What needs to be done =>
In the entries below, find the line with "Boy Pendant Blue" and the line with "TUNISIE 15FR SEUL"; reproduce those two lines and all lines between them exactly, without pictures.

Supplied material =>
=======
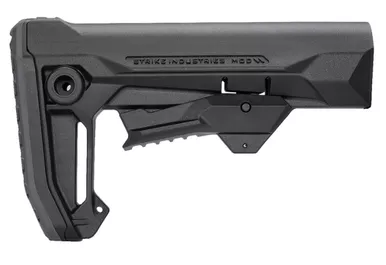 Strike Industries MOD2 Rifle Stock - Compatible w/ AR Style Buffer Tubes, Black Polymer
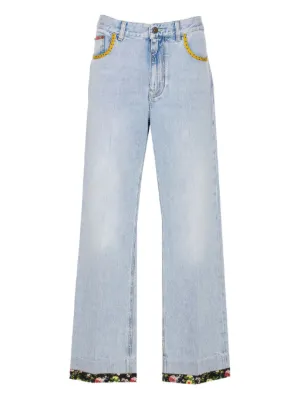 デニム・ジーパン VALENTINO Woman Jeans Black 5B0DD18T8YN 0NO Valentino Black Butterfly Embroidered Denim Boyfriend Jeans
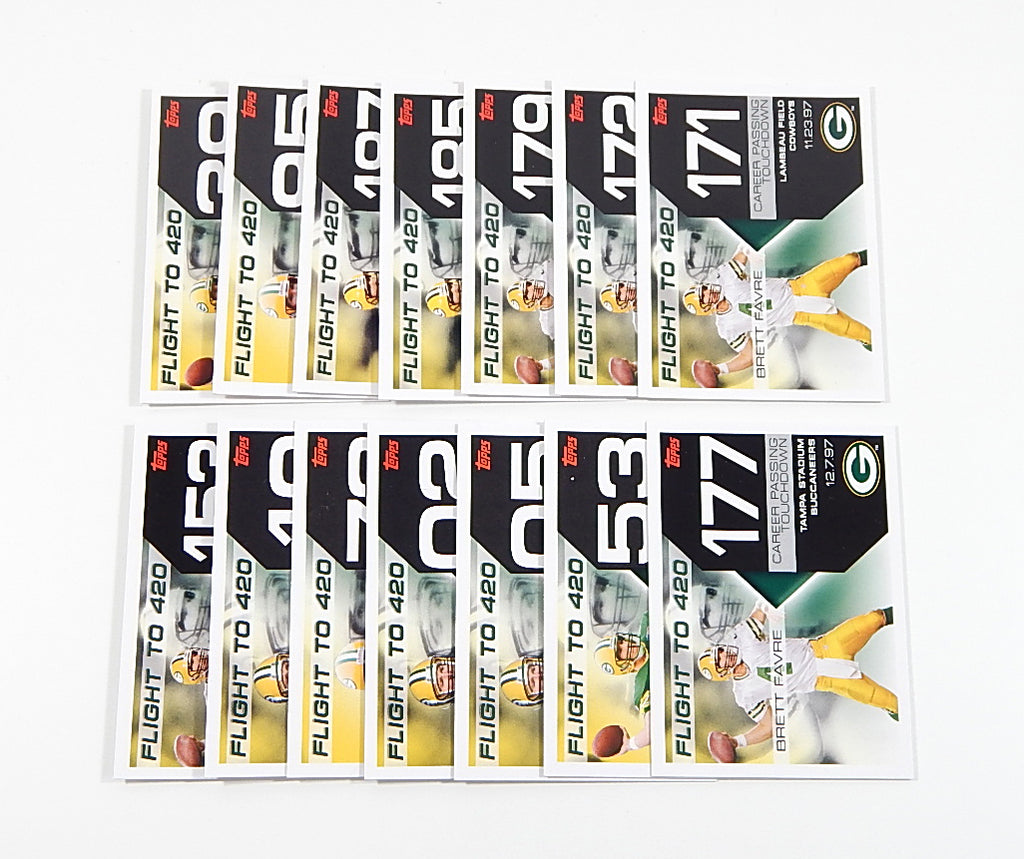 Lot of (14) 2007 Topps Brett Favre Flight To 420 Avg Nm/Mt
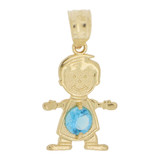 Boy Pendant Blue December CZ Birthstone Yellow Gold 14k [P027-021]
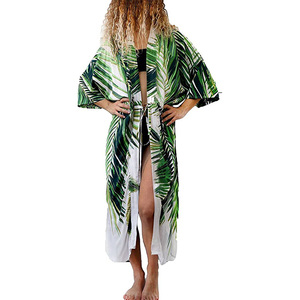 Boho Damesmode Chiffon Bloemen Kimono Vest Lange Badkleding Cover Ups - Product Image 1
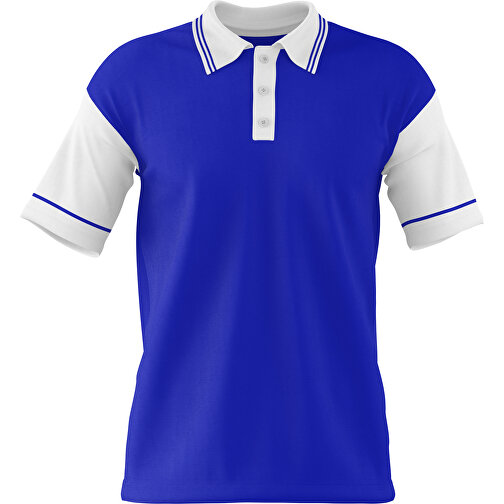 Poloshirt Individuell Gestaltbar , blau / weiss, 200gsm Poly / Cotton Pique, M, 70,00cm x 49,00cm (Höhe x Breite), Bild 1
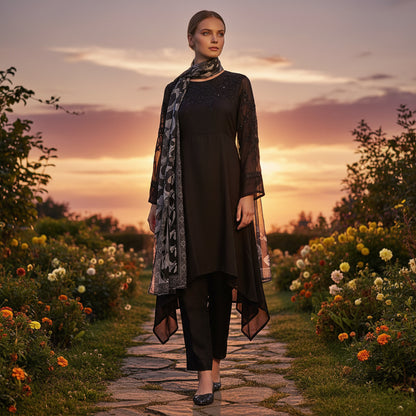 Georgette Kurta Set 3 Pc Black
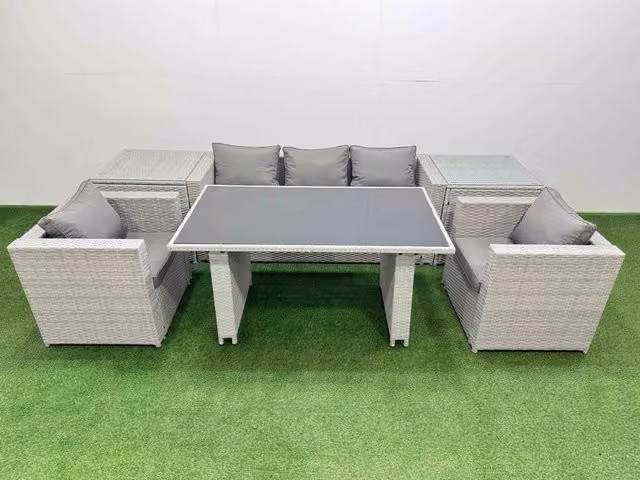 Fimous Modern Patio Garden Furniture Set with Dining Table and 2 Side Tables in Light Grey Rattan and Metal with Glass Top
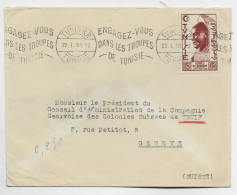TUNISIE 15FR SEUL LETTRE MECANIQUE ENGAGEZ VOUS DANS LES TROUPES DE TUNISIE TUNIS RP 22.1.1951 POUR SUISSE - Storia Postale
=======
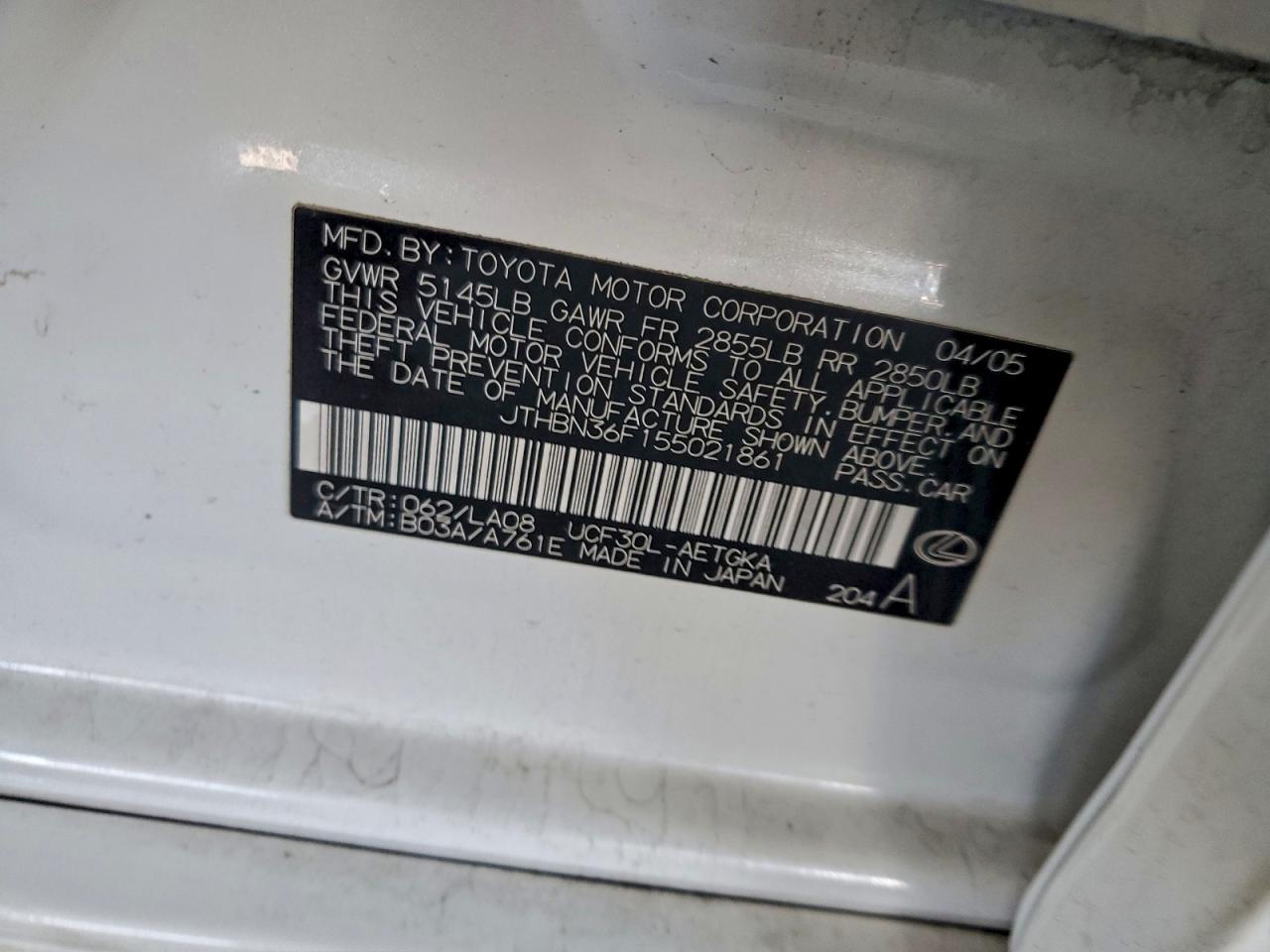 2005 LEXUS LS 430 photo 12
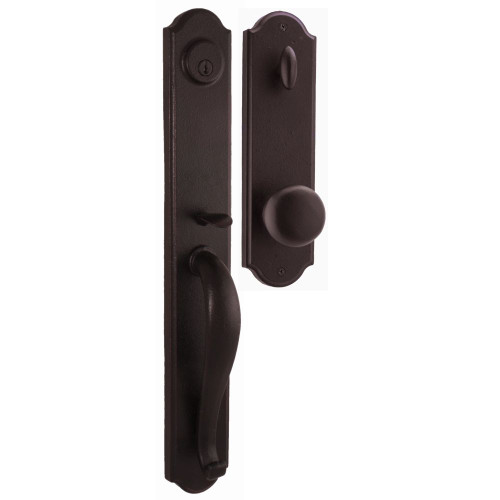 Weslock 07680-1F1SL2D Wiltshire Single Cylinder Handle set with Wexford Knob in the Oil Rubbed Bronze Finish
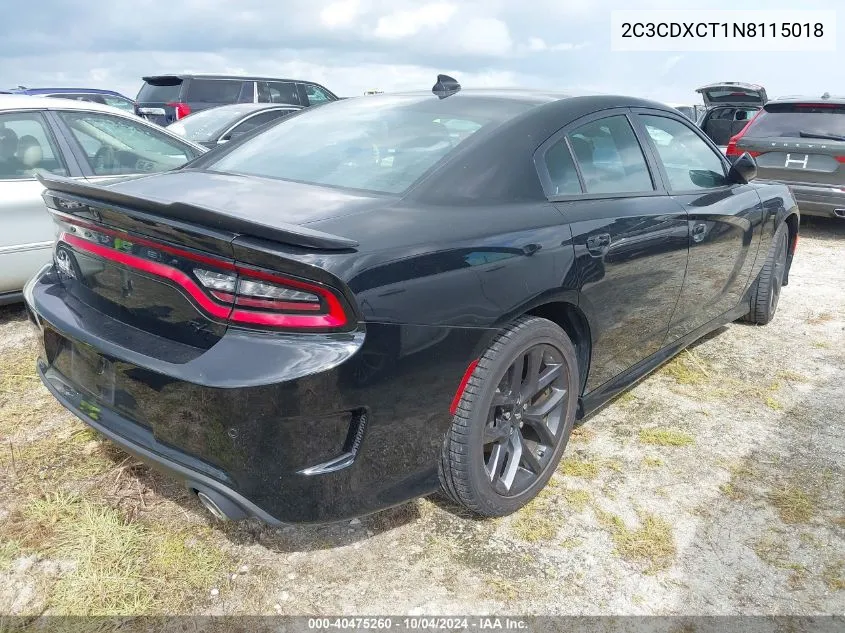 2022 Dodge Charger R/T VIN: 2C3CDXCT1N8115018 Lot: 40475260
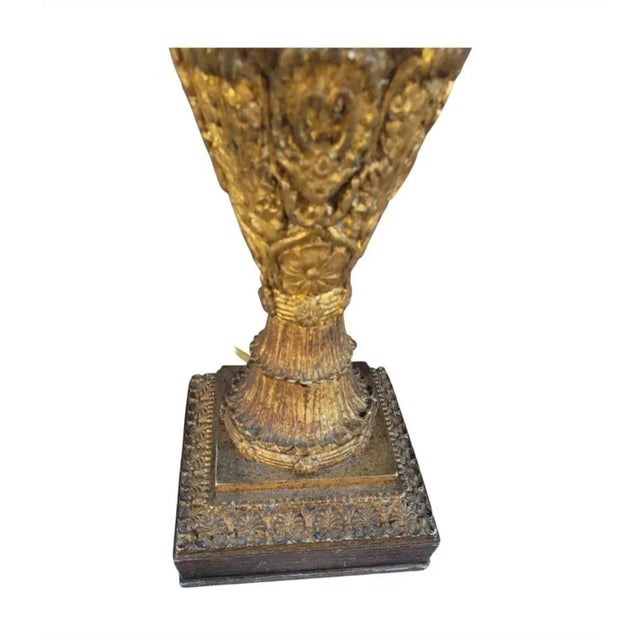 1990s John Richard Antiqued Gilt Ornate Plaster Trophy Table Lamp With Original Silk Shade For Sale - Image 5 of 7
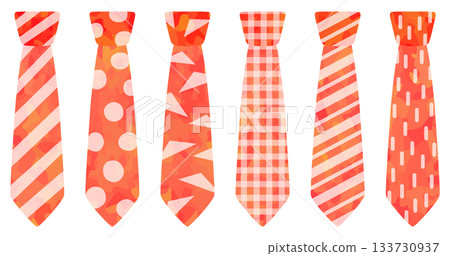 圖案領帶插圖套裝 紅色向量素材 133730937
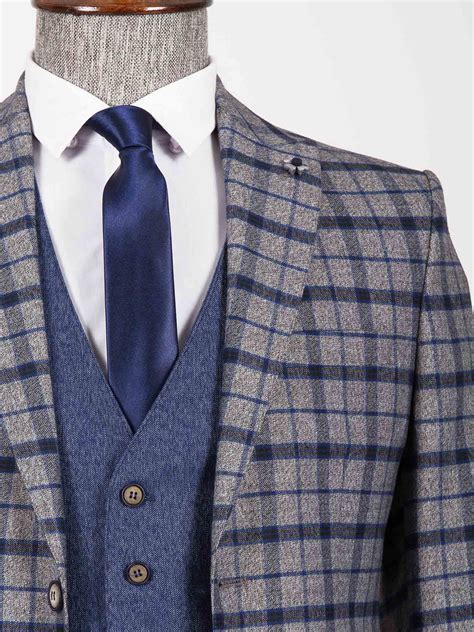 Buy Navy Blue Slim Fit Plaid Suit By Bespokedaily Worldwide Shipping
=======
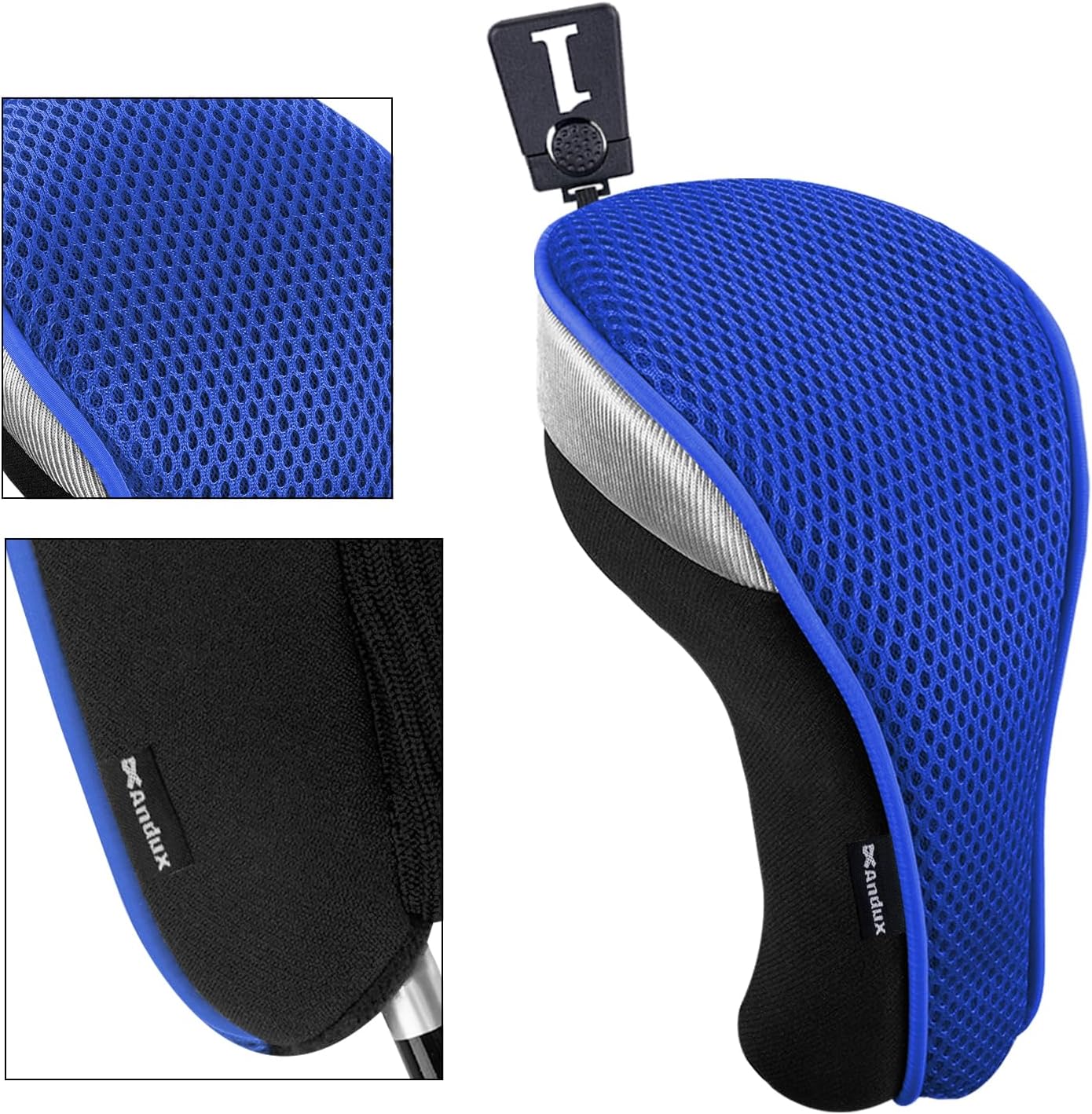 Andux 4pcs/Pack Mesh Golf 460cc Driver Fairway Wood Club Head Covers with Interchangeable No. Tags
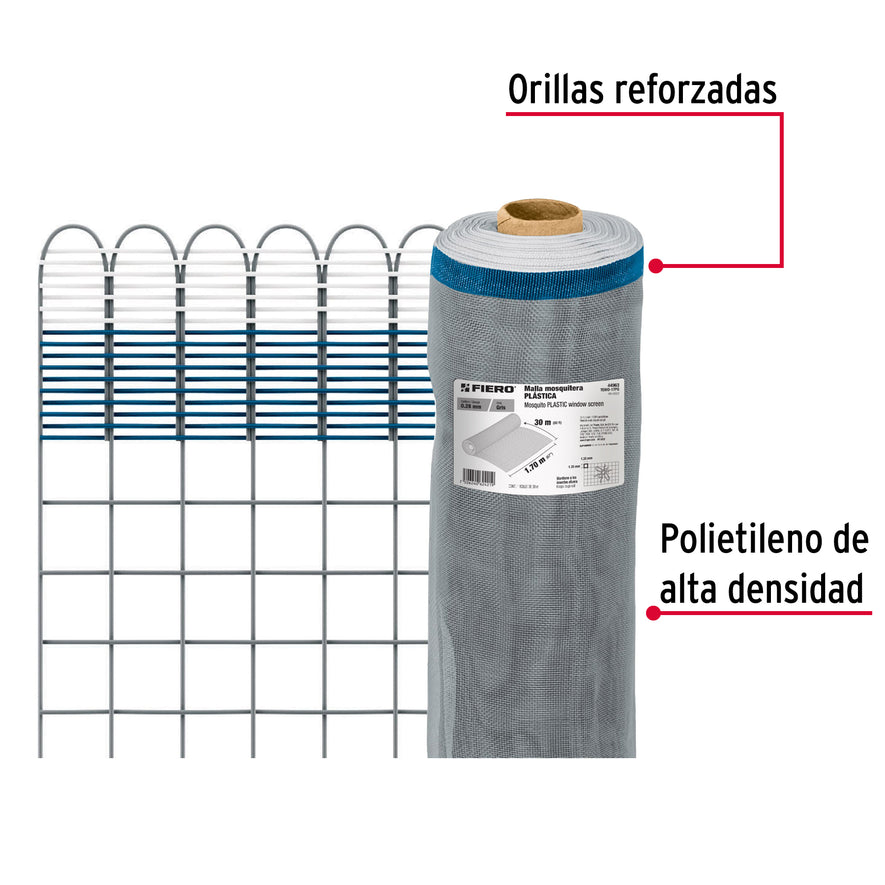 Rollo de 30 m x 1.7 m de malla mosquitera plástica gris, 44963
=======
Task response =>
 Boy Pendant Blue December CZ Birthstone Yellow Gold 14k [P027-021]
 Boho Damesmode Chiffon Bloemen Kimono Vest Lange Badkleding Cover Ups - Product Image 1
 Poloshirt Individuell Gestaltbar , blau / weiss, 200gsm Poly / Cotton Pique, M, 70,00cm x 49,00cm (Höhe x Breite), Bild 1
 Georgette Kurta Set 3 Pc Black
 Fimous Modern Patio Garden Furniture Set with Dining Table and 2 Side Tables in Light Grey Rattan and Metal with Glass Top
TUNISIE 15FR SEUL LETTRE MECANIQUE ENGAGEZ VOUS DANS LES TROUPES DE TUNISIE TUNIS RP 22.1.1951 POUR SUISSE - Storia Postale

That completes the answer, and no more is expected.